▶ MATERIAL TO PROCESS
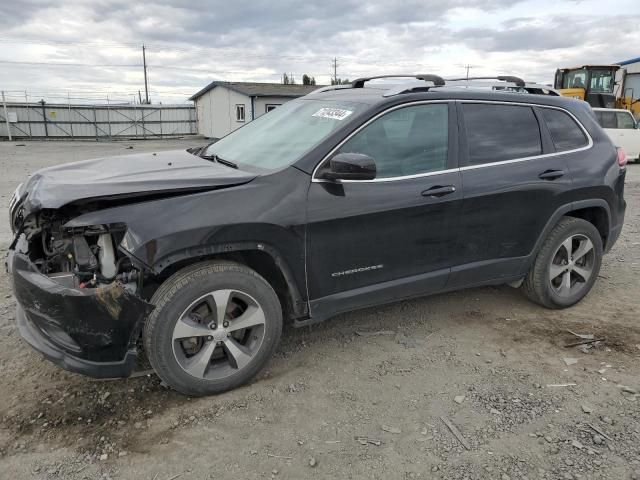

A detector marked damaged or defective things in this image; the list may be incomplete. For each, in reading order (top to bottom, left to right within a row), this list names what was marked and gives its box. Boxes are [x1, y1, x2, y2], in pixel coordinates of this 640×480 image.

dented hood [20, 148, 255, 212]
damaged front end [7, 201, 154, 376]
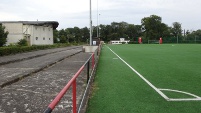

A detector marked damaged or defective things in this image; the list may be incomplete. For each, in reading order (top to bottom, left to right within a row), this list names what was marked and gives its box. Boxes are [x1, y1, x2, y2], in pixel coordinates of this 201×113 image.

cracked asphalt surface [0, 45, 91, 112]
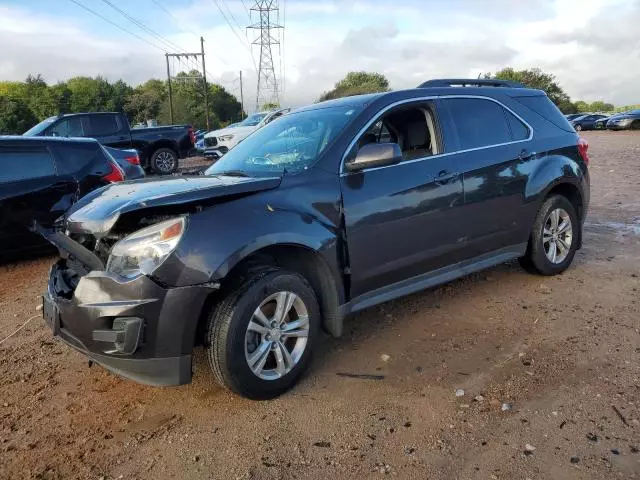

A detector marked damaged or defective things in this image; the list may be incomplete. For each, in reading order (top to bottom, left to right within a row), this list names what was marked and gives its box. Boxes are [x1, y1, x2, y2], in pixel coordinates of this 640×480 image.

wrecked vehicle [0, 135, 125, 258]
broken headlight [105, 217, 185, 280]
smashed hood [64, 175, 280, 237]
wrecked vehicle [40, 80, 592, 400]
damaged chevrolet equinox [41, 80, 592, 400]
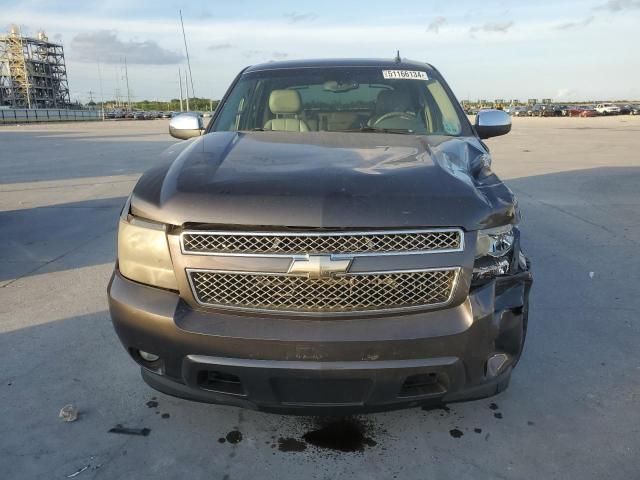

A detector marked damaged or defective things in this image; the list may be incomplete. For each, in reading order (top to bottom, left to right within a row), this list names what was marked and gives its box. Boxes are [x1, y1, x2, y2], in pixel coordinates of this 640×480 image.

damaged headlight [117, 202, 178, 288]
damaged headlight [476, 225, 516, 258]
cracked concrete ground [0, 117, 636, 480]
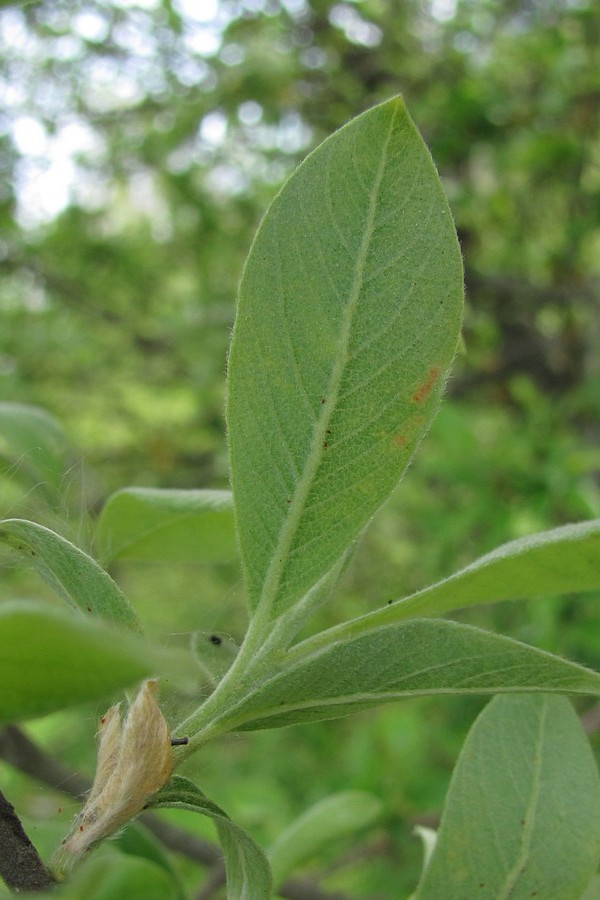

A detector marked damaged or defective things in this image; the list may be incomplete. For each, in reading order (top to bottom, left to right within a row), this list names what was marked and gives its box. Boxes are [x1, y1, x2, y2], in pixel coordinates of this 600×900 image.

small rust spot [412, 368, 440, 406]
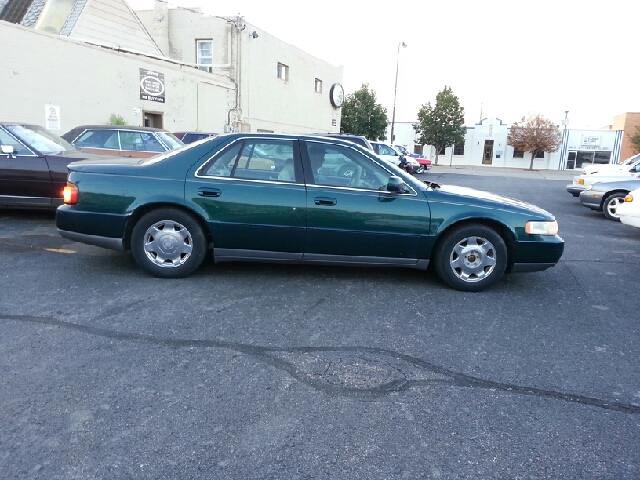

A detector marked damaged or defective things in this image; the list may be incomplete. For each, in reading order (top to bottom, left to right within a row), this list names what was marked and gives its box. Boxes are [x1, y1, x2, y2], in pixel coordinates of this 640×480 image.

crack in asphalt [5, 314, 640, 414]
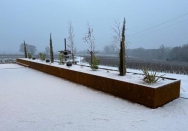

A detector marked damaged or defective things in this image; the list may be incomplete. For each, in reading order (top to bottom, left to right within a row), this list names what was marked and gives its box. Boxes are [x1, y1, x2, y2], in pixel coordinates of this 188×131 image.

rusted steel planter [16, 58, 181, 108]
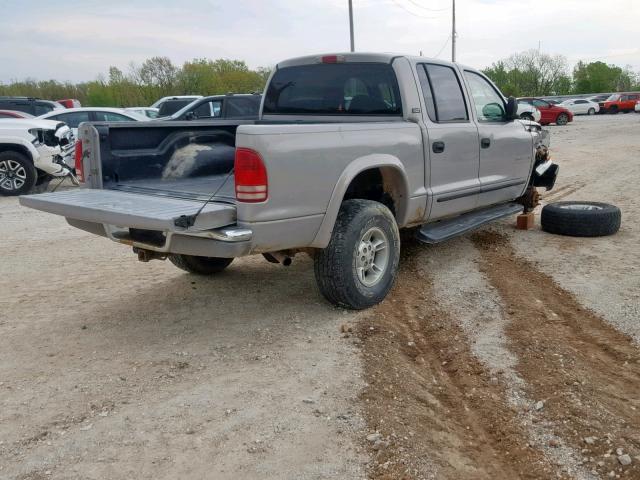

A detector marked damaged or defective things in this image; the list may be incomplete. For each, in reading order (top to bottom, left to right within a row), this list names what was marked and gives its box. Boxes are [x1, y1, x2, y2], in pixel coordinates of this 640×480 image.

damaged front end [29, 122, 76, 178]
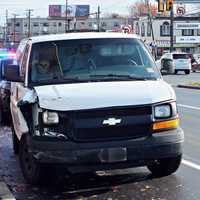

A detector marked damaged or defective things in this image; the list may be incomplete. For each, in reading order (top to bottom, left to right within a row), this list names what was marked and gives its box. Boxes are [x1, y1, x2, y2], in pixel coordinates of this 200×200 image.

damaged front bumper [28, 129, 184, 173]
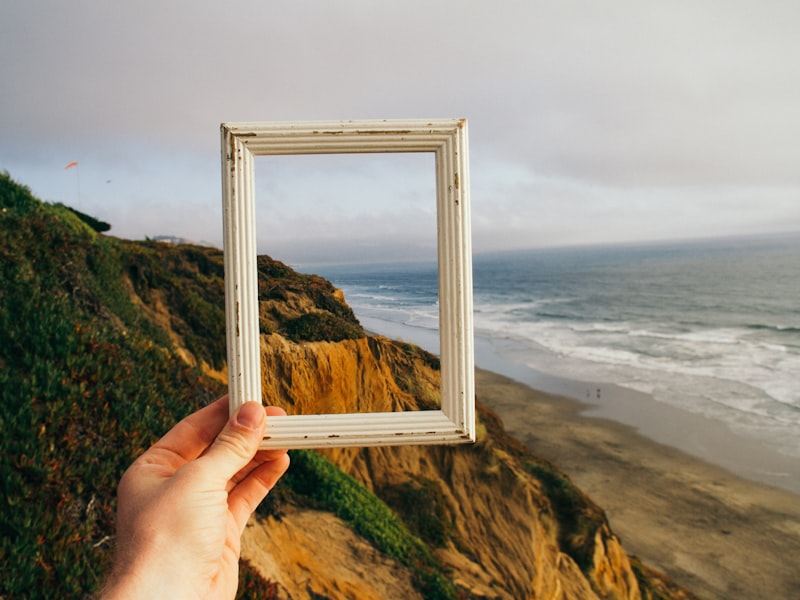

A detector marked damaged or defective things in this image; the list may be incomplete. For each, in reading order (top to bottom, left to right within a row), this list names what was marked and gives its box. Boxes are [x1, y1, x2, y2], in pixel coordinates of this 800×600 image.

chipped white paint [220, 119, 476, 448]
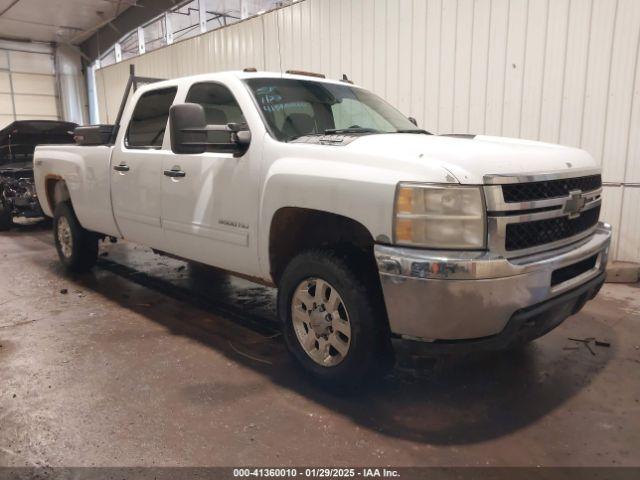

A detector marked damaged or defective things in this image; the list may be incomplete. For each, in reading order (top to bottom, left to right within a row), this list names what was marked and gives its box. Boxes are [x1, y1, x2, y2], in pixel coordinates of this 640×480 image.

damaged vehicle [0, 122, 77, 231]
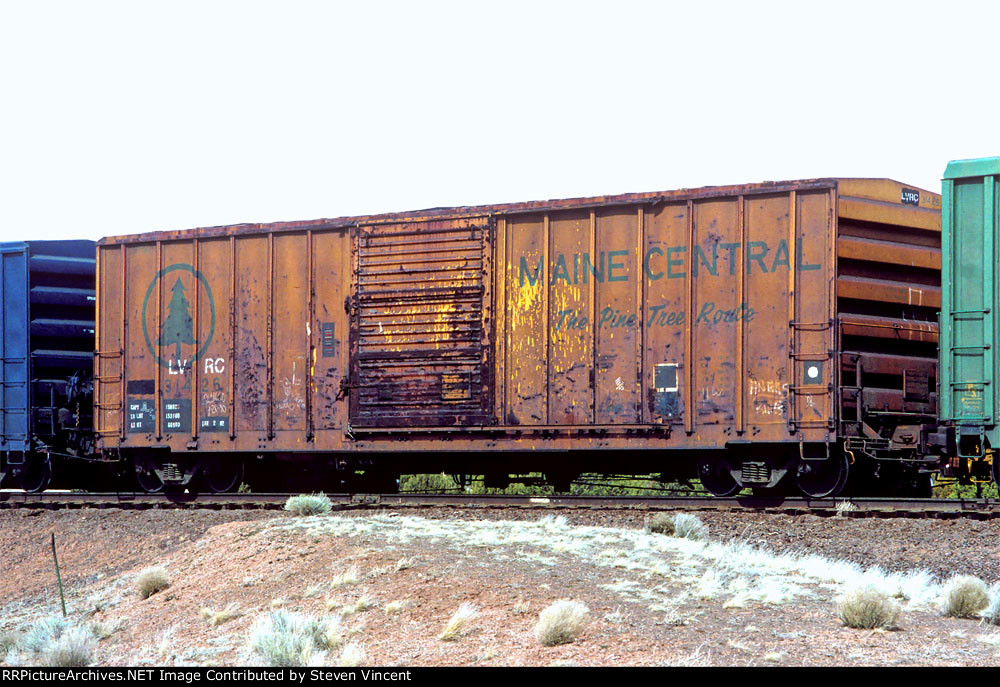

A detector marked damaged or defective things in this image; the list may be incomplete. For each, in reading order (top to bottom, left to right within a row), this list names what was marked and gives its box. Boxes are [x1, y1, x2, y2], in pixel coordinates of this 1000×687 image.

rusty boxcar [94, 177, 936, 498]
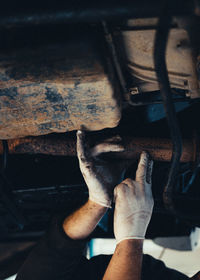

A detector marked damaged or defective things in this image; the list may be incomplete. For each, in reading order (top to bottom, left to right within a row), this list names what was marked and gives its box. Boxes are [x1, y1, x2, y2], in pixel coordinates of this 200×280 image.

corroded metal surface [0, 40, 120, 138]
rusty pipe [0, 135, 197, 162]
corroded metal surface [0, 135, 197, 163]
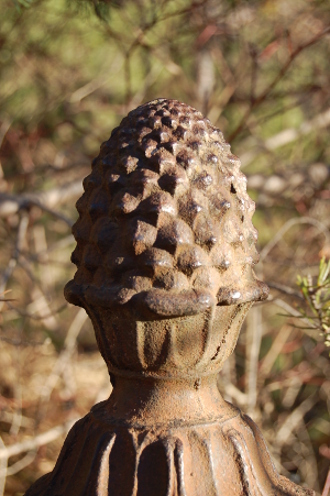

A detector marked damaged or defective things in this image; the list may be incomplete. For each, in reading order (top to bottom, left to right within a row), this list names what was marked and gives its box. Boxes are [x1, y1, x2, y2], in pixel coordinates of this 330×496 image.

▶ EXERCISE GOAL
Please return, without any change, the lines from the line containing "this 800×600 image." through the last line of the entries, dropping the pictures.

▶ EXPECTED ANSWER
A detector marked damaged or defective things in this image; the list may be incomplete. For each, in reading order (top to bottom, left to right within a row), this list names what was marked and gives its box. Boxes are [x1, y1, x2, y2], in pixel coordinates of this 800×600 image.

chipped white paint [220, 119, 476, 448]

A detector marked damaged or defective things in this image; the list may be incomplete. For each, in reading order (top to bottom, left to right within a row), this list names what was marked and gives its box. Boxes are [x1, y1, x2, y2], in pixel coordinates of this 640×480 image.

damaged vehicle [0, 122, 77, 231]

A detector marked damaged or defective things in this image; the list may be incomplete. For each, in reading order (top to bottom, left to right within a row), this list names what was marked and gives its box. Boxes are [x1, y1, x2, y2], in pixel coordinates of this 1000×687 image.

rusty boxcar [94, 177, 936, 498]

A detector marked damaged or defective things in this image; the list may be incomplete. For each, in reading order (top to bottom, left to right within a row), this list names what was marked and gives its box. Boxes are [x1, y1, x2, y2], in pixel coordinates of this 200×280 image.

corroded metal surface [0, 40, 120, 138]
rusty pipe [0, 135, 197, 162]
corroded metal surface [0, 135, 197, 163]

A detector marked damaged or defective things in this image; the list may be incomplete. For each, in reading order (top to bottom, left to right within a row), this list names what was marked and gives its box. Boxes are [x1, y1, x2, y2], in pixel coordinates of this 330×496 image.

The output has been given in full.